The creation of a digital "Twin"—an AI model that mimics both the unique persona and the decision-making logic of a human expert—requires moving beyond basic prompting. To build a Twin, you must implement a three-layer architecture known as the "Twin Stack." This stack ensures the AI sounds like the expert, thinks like the expert, and operates safely under the expert’s oversight.
Layer 1: The Style (Fine-Tuning for Persona)
The first layer focuses on "The Style." While Large Language Models (LLMs) come with vast general knowledge, they lack the specific jargon, brevity, and tone of a unique individual. To capture this, we use Fast Fine-Tuning to ground the model in the expert’s personal communication data.
- The Data: We utilize a dataset of approximately 5,000 exported Slack messages, emails, and GitHub comments. This raw data is converted into a chat-style prompt and response structure, allowing the model to internalize the expert’s domain-specific style.
- The Tool: Unsloth. Conventional fine-tuning is computationally expensive, often requiring massive GPU resources. We use the Unsloth framework, which combines Low-Rank Adaptation (LoRA) with 4-bit quantization (QLoRA) to reduce memory usage by up to 74% and increase training speeds by over 2x.
- The Action: We fine-tune a base model, such as Llama-3 (8B), on the expert's communication dataset. Unsloth optimizes this process by manually deriving backpropagation steps and utilizing efficient GPU kernels.
- The Result: A model that serves as a stylistic mirror of the expert. It doesn't just provide generic answers; it uses the specific vocabulary and conversational nuances found in the expert’s real-world interactions.
Layer 2: The Logic (Reasoning through Programming)
Capturing the expert’s "voice" is insufficient if the AI cannot replicate their "logic." Layer 2 introduces a reasoning layer that moves away from brittle, manual prompt engineering toward a programming-centric approach.
- The Data: We curate 50 high-quality examples formatted as "Problem -> Decision -> Rationale." This "gold-standard" data illustrates exactly how the expert navigates complex challenges.
- The Tool: DSPy. Rather than hacking long prompt strings, we use DSPy (Declarative Self-improving Python). DSPy treats the LM as a device that can be programmed using Signatures—declarative specifications of input/output behavior.
- The Action: We use the DSPy compiler (or optimizer) to "compile" a prompt. The compiler utilizes modules like
dspy.ChainOfThoughtto force the model to generate a step-by-step rationale before reaching a decision.
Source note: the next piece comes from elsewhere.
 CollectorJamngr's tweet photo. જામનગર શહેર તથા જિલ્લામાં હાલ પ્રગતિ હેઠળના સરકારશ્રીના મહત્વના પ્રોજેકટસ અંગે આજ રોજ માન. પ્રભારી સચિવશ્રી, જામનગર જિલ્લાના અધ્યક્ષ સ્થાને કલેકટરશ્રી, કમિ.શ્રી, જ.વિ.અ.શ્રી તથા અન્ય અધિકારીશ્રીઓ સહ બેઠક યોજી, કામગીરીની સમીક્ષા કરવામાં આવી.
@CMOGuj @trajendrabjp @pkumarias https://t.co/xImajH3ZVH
The optimizer takes the expert’s 50 examples to bootstrap and synthesize the most effective instructions for the model. - The Result: A model that mimics the reasoning steps of the expert. It becomes capable of multi-stage reasoning, ensuring that its decisions are backed by the same analytical framework the human expert would employ.
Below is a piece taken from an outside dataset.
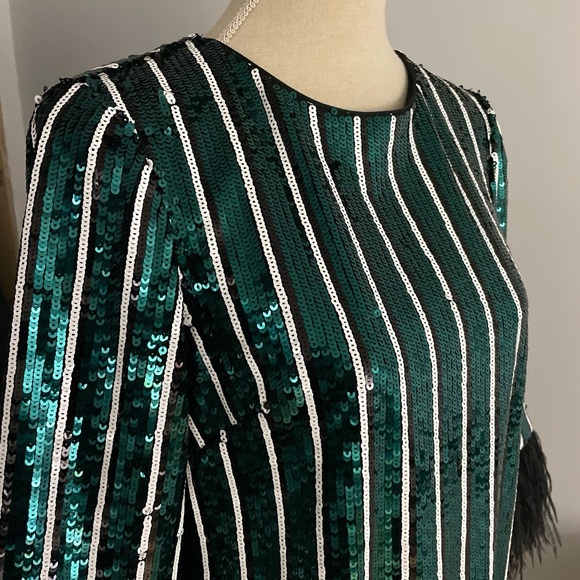 Badgley Mischka Mini Sheath Dress Sequins Feathers Size 4 Green Black White - Picture 2 of 11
Layer 3: The Guardrails (Human-in-the-Loop Safety)
The final layer provides the necessary safety infrastructure to prevent the "Twin" from making critical errors or hallucinating information. This is achieved through an Agentic workflow that integrates human judgment into the AI's execution path.
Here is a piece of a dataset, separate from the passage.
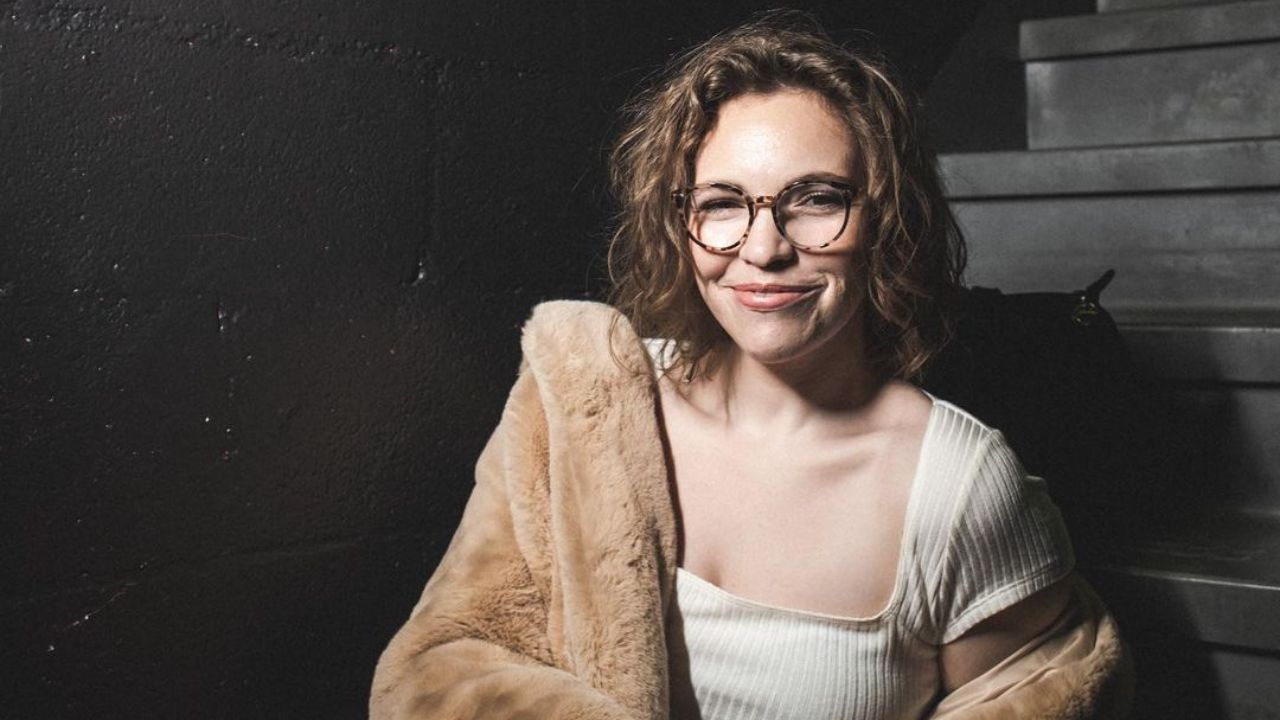 Beth Stelling Makes Hilarious Jokes About Her Dad on a New Netflix Special! blurred-reality.com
- The Tool: LangGraph. We use the LangGraph platform to build a robust agentic loop that supports human-in-the-loop interactions. This allows the digital Twin to operate autonomously while remaining under a "human-in-the-loop" safety umbrella.
- The Action: The system evaluates its own confidence score for every decision.
- Confidence > 90%: The decision is executed automatically by the agent.
- Confidence < 90%: The system drafts the decision and the rationale, then pings the real Expert on Slack for a "Thumbs Up" or correction.
- The Result: A system that prioritizes safety and transparency. By maintaining source attribution and allowing for human intervention, the architecture ensures that the AI’s actions are always aligned with the expert’s actual standards and intent.
Analogy: Building a "Twin" is like training a high-level apprentice. Layer 1 (Unsloth) teaches them to speak the language of the firm; Layer 2 (DSPy) teaches them the mental blueprints for how decisions are made; and Layer 3 (LangGraph) provides the senior partner's oversight to ensure no major contracts are signed without a final review.